Go to YouTube and find Nick Saban’s rant last week about Alabama fans, and how they aren’t happy the Crimson Tide’s not winning every game by 38 points this year.

Florida fans aren’t any more demanding than the devotees at other football factories. Most of them just demand progress, which has been a scarce commodity the past decade. And the suits who run the show are less reactionary than the reputation warrants.

Jeremy Foley got the reputation as the Grim Reaper of athletic directors when he fired the baseball, men’s tennis and gymnastics coaches in 2002. That forever linked him with the phrase, “I’m a big believer in the saying that if something needs to be done eventually, it needs to be done immediately.”

But Foley watched patiently as Muschamp lost home games to Vanderbilt and Georgia Southern on the way to a 4-8 season in 2013. The axe didn’t fall until the next November.

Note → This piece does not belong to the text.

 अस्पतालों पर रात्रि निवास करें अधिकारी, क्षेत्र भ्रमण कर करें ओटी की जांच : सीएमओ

Enter McElwain. He won SEC East titles his first two seasons, but the program was rotting underneath him. You can’t have a coach who alienates an entire athletic department, concocts death threats and is photographed (allegedly) in the buff with a shark.

Coach McFlake was gone after 34 games, which brought in Mullen, which brought in the psychodrama Gator fans have endured the past two months.

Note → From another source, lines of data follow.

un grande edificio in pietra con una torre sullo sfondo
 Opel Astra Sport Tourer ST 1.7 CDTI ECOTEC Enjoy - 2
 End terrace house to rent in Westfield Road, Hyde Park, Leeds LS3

Scott Stricklin is a patient man. If anything, he was too patient with women’s basketball coach Cam Newbauer and all that went on there. And he’s been far more forgiving of men’s coach Mike White than the fire-breathers liked.

Stricklin was not itching to get rid of Mullen. It was interesting when he said Mullen’s losing record didn’t do him in. It was things like leadership, accountability, dependability and judgment.

When you believe the culture is unraveling and/or a coach is (allegedly) photographed in a compromising position with a fish, what are you supposed to do?

Keep them around?

The mistake was hiring them in the first place, though the M&M&M coaches all looked like promising employees at the time. So does Napier, who has just about everything you’d want in a job applicant except Power 5 head-coaching experience.

One thing a resume doesn’t really show is how he’ll handle adversity. You need a thick skin at Florida, and the past couple of coaches weren’t exactly made of horsehide. But for all the pressure that comes with any big-time job, there is the upside.

The new coach is getting a name-brand school, a massive salary, top-flight facilities, vast financial resources, a bountiful recruiting ground, administrative backing and a devoted — very devoted — fan base.

If Napier can’t succeed with all that, he should be on the hot seat. Just like he'd be anywhere else.